The parking lot is crowded. It is dark. Runners are all outside their vehicles, warming up before the race. They are bouncing on the pavement. Doing calisthenics. Pulling and pushing their own bodily limbs into impossibly contorted positions. Not a thimbleful of body fat between them.
As the sun peeks above the roofline of the Hoover Metropolitan Complex, 2,000 of Birmingham’s most bloodthirsty competitive runners begin to gather at the starting line, forming tight social clusters.
They are all listening to music on earbuds. Lacing and re-lacing shoes. Many are wearing skimpy athletic outfits, revealing six-pack abs, massive deltoids, and well-defined gluteal regions. Some of the runners look like living GI Joe figurines and Barbie dolls.
I am wearing athletic shorts purchased from Walmart. I look like a pig farmer from Butler County.
But I’m here.
“This is for the kids,” is the slogan of this race. Everyone keeps saying this mantra.
The BHM26.2 Marathon is a fundraiser. In its eighth year, the race has raised over $1 million for children in Alabama. All proceeds benefit Magic Moments. Each year, this race brings together thousands of people who inadvertently grant a wish to some hope-starved child in Alabama. A kid with a chronic, life-threatening, or life-altering condition. That’s why I’m here. For the kids.
The music on the loudspeakers starts. The emcee gives us the go-signal. And we’re off.
The mass of runners moves forward. We in the rear are merely shuffling. Because we are not fast runners. We are not competitive athletes. We are what is commonly known to the global running community as, “middle-aged normal people.”
Even so, we all have our reasons for being here.
One woman runner tells me a doctor once told her she would not live to see her 65th birthday, due to breast cancer. She is 71 and runs marathons.
Another man in his 50s began running after his divorce. One morning, on a lark, he took up running. It changed him. This is his 12th marathon.

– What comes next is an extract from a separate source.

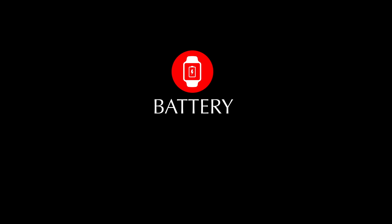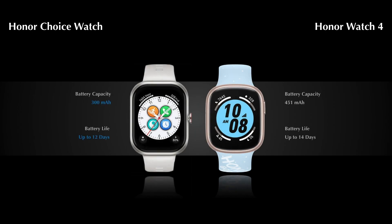Next, let's compare the battery features. The Hana Watch 4 comes with up to 14 days of battery life, and the Hana Choice Watch comes with up to 20 days of battery life.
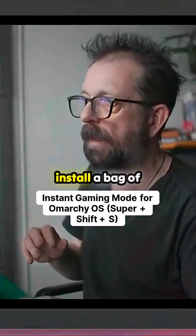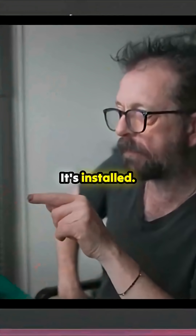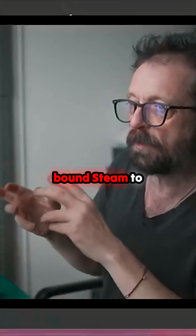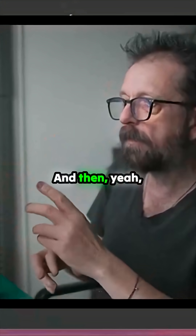We'll run it and this will install a bag of stuff. Gamescope, I think, installs with Steam anyway. So there it goes, it's installed. Now what it's done is bound Steam to Super+Shift+S, and to get out of that it's Super+Shift+R. So this should work.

My story isn’t too different. I’ve been running since age 14. I was a chubby, redhead. I looked like Danny Partridge after taking sodium pills.
Kids made fun of me. I was bad at sports. And things weren’t looking hopeful in the couple-skating department.
To make matters worse, my father was freshly dead. We were the tragic family in town.
For some reason, grief sometimes makes you hate everything. Even yourself. I hated the overweight boy in the mirror. Moreover, I hated being trapped in my saddened mind.
One night I sat before the mirror and cried, looking at my ugly self, feeling so unloved. Why did God make me this way?
It was on that same evening that I donned a pair of cutoff denim shorts and Chuck Taylors. I went outside and ran for 4 minutes under the cover of darkness to hide my shame.
The next night, I ran 5 minutes. By the time I was 15, I was running 3 miles each day.
Running changed the chemistry of my brain. It altered how I felt about myself. Running helped me work through anxieties, paralyzing fears, and soul-sucking depression. In a way, running sort of helped me learn to love myself.
As I approach mile 25, I am not loving much of anything. I’m not so much running as I am hobbling.
At mile 26, I see my wife in the distance. She is cheering. Onlookers are ringing bells and applauding. I limp across the finish line and my wife is screaming.
“This is for the kids,” grunts a suffering fellow runner nearby.
“For the kids,” I grunt.
And it was. Especially for the one inside me.